The price of lignite coal was varied using its four-year historical prices from 2017 to 2020 [30]. For the benzene, methanol, and hydrazine processes to break even, the price of coal must be $22.02, $20.44, and $25.94/MT, respectively. Figure 5 shows the NPV vs. coal price for all the processes. The benzene and methanol processes are not profitable in their regions of most probable uncertainty, so they are very likely to not be profitable at recent coal prices in comparison to the baseline process without an increase in electricity price. The hydrazine process region of most probable uncertainty is all profitable, so it is likely that it will be more profitable than the baseline process based on recent coal prices.

4. Conclusions

The objectives of this study were to determine the commercial feasibility of adding a power recovery cycle to recover additional energy from the steam cycle and thus improve the efficiency of a lignite coal-fired power plant and identify the most viable secondary working fluid candidates for such a system. The base case used was a lignite coal-fired power plant with a 500 MW capacity located in central North Dakota, USA. A preliminary screening study identified benzene, methanol, and hydrazine as the most promising candidate secondary working fluids for the PRC. At the same lignite coal feed rate of 3.2 million metric tons/yr, the addition of a PRC with benzene, methanol, or hydrazine SWFs increased the season-average power generation by 60, 35, and 50 MW, respectively.

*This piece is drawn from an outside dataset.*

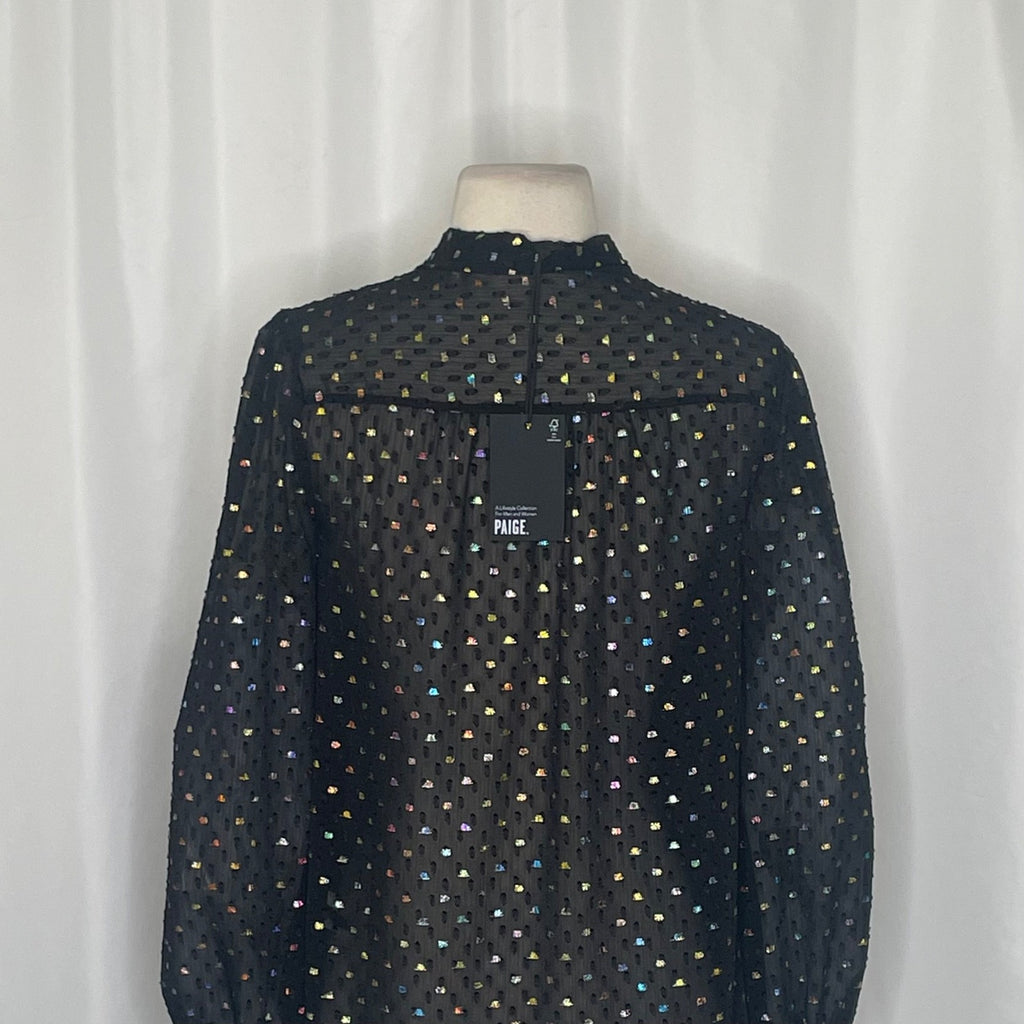 NWT!! PAIGE Cleobelle Black Metallic Tie Neck Top Blouse Rainbow Clip Dot XS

When electricity was sold at the breakeven rate for the traditional power plant, which is close to the current wholesale price for power in the U.S. Upper Midwest, the addition of a PRC is projected to be profitable over a 20-year period with a hydrazine SWF but slightly unprofitable for the benzene and methanol process alternatives. The NPV@12% for the benzene, methanol, and hydrazine alternatives were −$32, −$59, and +$35 million ± 40%, respectively. Breakeven electrical prices for the three cases were $0.068/kWh, $0.0692/kWh, and $0.0653/kWh, for the three SWFs, respectively which are 1.9%, 3.6%, and −2.1% different than the baseline price. Therefore, a hydrazine PRC is likely to be economically justified at current prices while only a slight increase in electricity prices would provide the economic incentive for benzene or methanol PRCs.

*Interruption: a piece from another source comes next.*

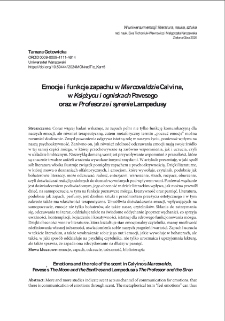 Emocje i funkcje zapachu w "Marcovaldzie" Calvina, w "Księżycu i ogniskach" Pavesego oraz w "Profesorze i syrenie" Lampedusy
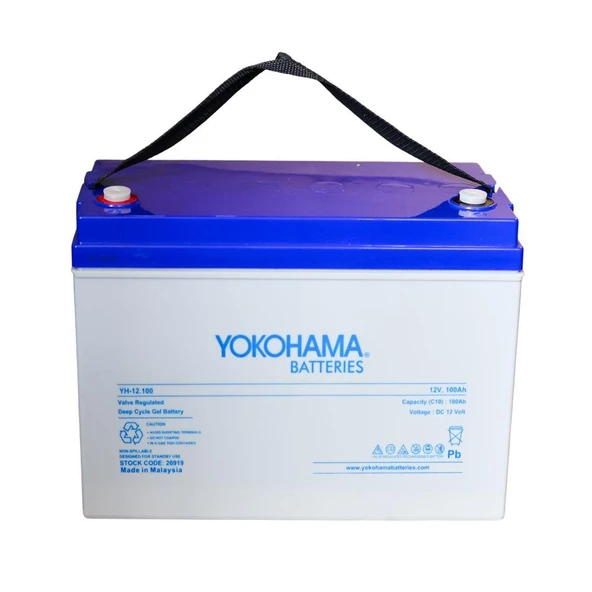 Yokohama YH-26919 12V 100Ah Tam Bakımsız Deep Cycle Jel Akü 330X172x218mm Yeni Tarihli Taze Akü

This study also highlighted that the additional capital costs of the equipment required for a PRC project is an important factor affecting profitability. Companies interested in evaluating this technology may need to generate a more accurate design and cost estimate in order to determine if the PRC is worthwhile and whether hydrazine or benzene should be chosen as the SWF. A hydrazine-based PRC appears to be the more profitable, but also represents a greater risk of health and/or environmental impact. A methanol-based system has the lowest health/environmental risks and is the easiest SWF to implement but has the least attractive economics. A benzene-based system may be the best compromise of impact on electricity price, efficiency gain, and health/environmental safety risks.

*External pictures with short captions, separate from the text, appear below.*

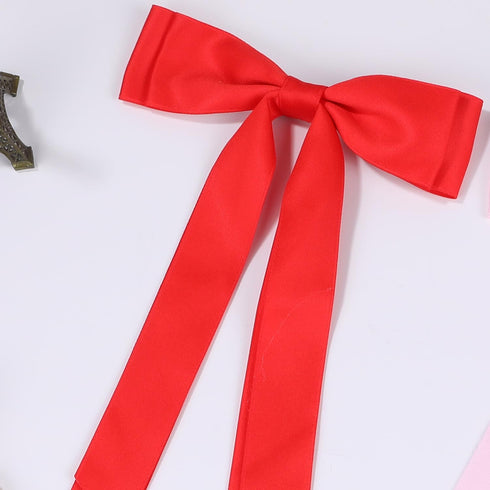 Satin Bow Hair Clips for Women, Silky Hair Ribbon Bows with Long Tail Accessories for Girls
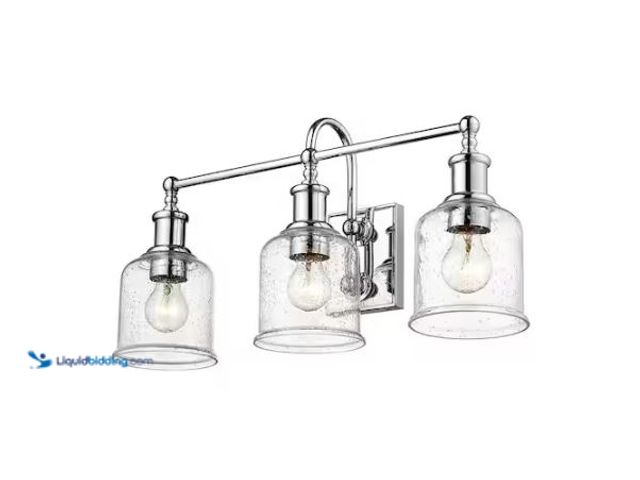 Lot 49-1627516 - Bryant 24 in. 3-Light Chrome Vanity Light with Glass Shade Model # 734-3V-CH, Unused, Has Attachment...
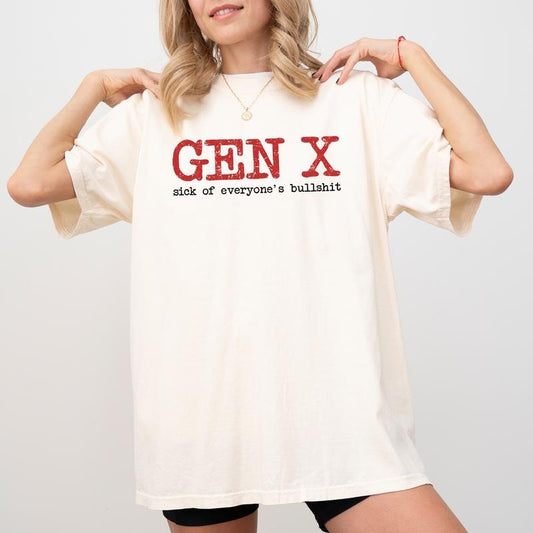 Funny Gen X Vintage Tee, Nostalgic Graphic Printed T-shirt, Generation X Unhinged Shirt, Unisex Gen X Shirts, Sarcastic Gen X Tee, Funny Shirt For Women, Comfy Fabric Graphic Tee, Women's Tops, Womenswear, Cotton Fabric Relaxed Fit Chic Style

It can be concluded from this study that the addition of a PRC to existing coal-fired power plants is worthy of consideration and can likely be adopted with only a modest impact on electricity prices. While this general conclusion should be widely applicable, it must be noted that the presented work is based on the conditions and circumstances present in the central North Dakota region of the U.S. A comparable specific feasibility study should be conducted for any location considering the addition of a PRC to increase the overall energy efficiency of their facility. If feasible, a more detailed level of design and economic analysis is recommended to verify that the addition of a PRC is worthwhile. Further, decisions on whether to utilize hydrazine or benzene as the SWF should also be made on a case-by-case basis that considers economic, corrosivity, and health/safety factors.

Conflicts of Interest

The authors declare no conflicts of interest regarding the publication of this paper.